= WHAT THE TASK REQUIRES =
Through to the final line, write out the records below exactly, omitting any images they contain.

= DATA SHOWN =
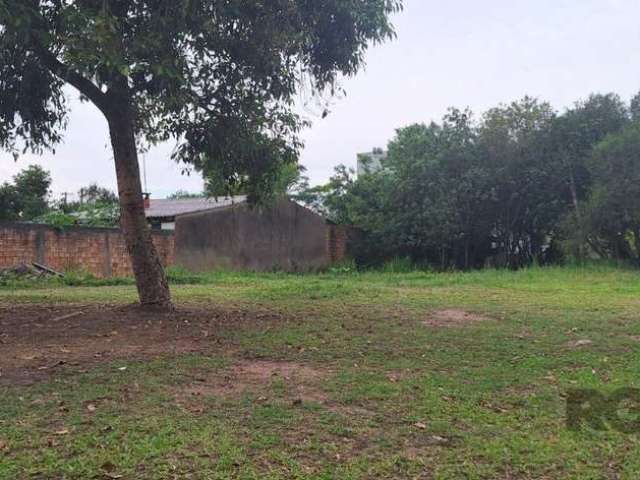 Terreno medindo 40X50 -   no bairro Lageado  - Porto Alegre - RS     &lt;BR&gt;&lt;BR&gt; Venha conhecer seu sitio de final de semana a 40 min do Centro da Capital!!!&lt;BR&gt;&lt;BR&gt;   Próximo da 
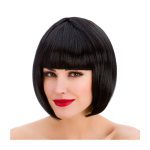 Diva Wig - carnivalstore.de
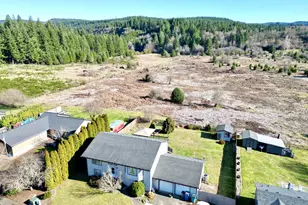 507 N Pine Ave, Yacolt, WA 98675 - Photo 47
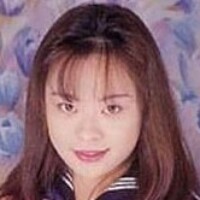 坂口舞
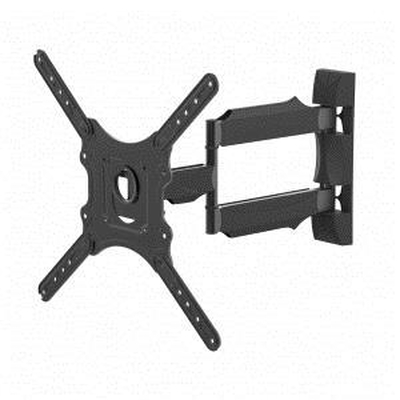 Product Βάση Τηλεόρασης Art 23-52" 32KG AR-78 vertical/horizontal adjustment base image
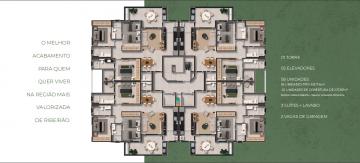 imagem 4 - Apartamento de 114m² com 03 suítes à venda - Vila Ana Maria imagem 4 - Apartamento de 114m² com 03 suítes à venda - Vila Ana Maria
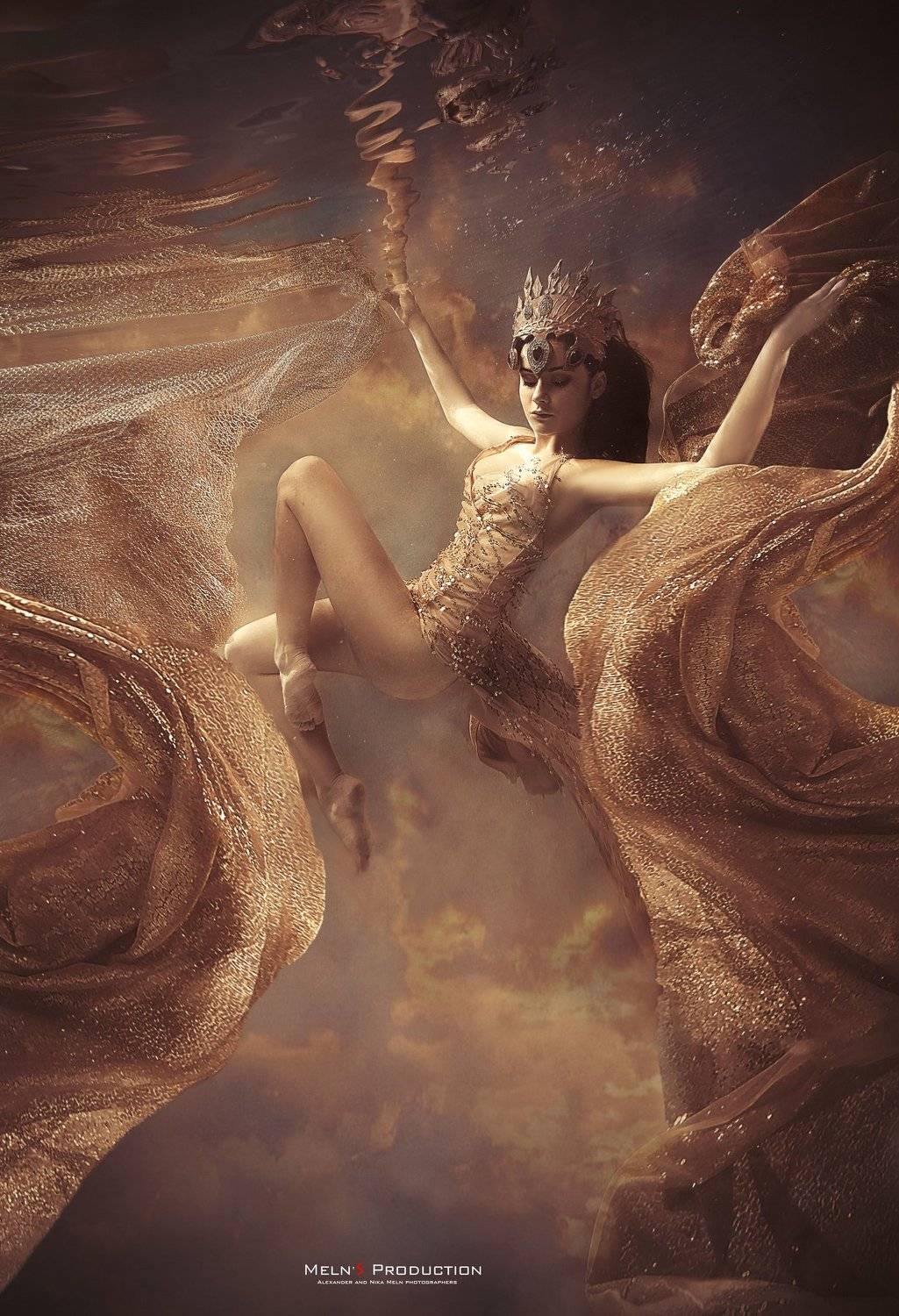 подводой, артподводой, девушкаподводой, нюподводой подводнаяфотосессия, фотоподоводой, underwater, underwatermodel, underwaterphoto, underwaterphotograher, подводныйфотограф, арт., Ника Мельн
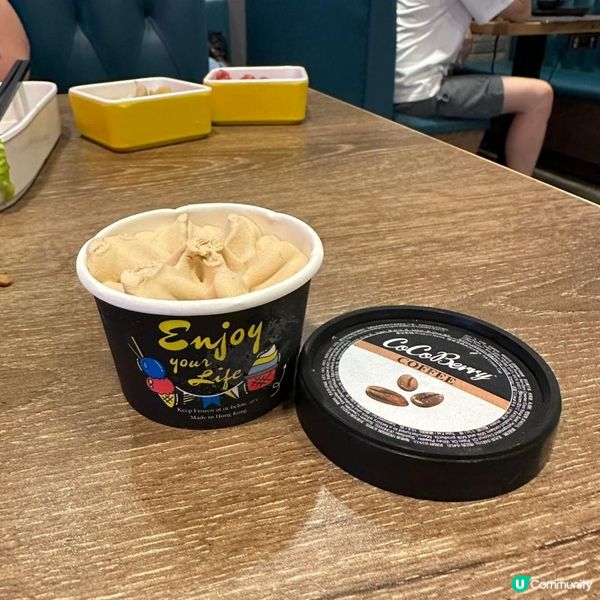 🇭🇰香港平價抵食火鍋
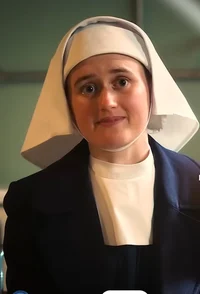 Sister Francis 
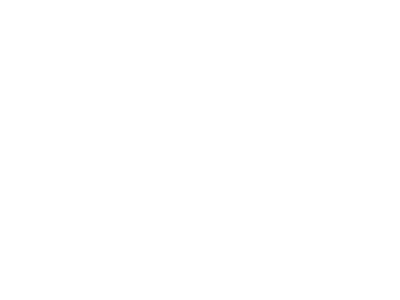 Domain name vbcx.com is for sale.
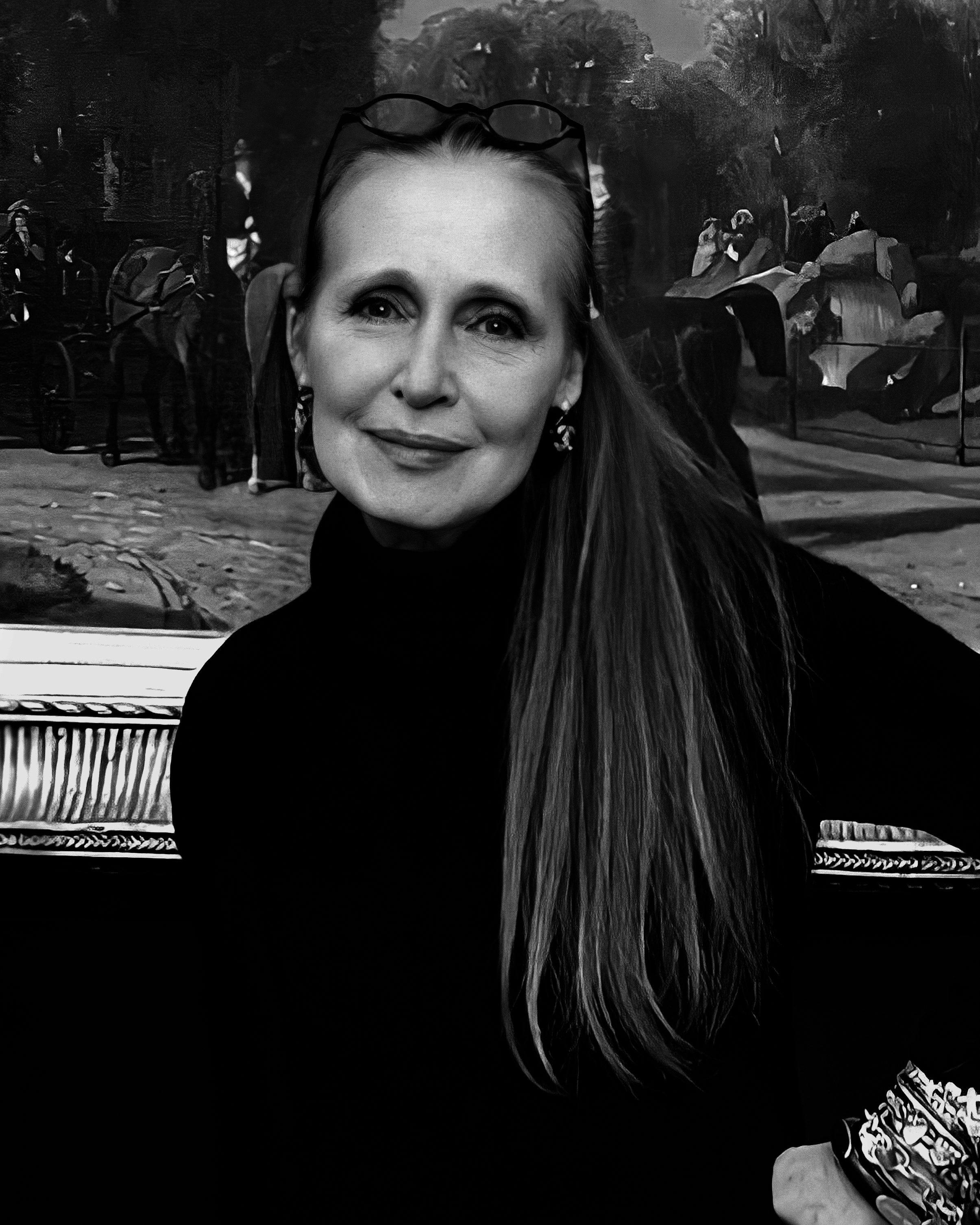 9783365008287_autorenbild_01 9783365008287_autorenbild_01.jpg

= RESULT =
 Terreno medindo 40X50 -   no bairro Lageado  - Porto Alegre - RS     &lt;BR&gt;&lt;BR&gt; Venha conhecer seu sitio de final de semana a 40 min do Centro da Capital!!!&lt;BR&gt;&lt;BR&gt;   Próximo da 
 Diva Wig - carnivalstore.de
 507 N Pine Ave, Yacolt, WA 98675 - Photo 47
 坂口舞
 Product Βάση Τηλεόρασης Art 23-52" 32KG AR-78 vertical/horizontal adjustment base image
 imagem 4 - Apartamento de 114m² com 03 suítes à venda - Vila Ana Maria imagem 4 - Apartamento de 114m² com 03 suítes à venda - Vila Ana Maria
 подводой, артподводой, девушкаподводой, нюподводой подводнаяфотосессия, фотоподоводой, underwater, underwatermodel, underwaterphoto, underwaterphotograher, подводныйфотограф, арт., Ника Мельн
 🇭🇰香港平價抵食火鍋
 Sister Francis 
 Domain name vbcx.com is for sale.
 9783365008287_autorenbild_01 9783365008287_autorenbild_01.jpg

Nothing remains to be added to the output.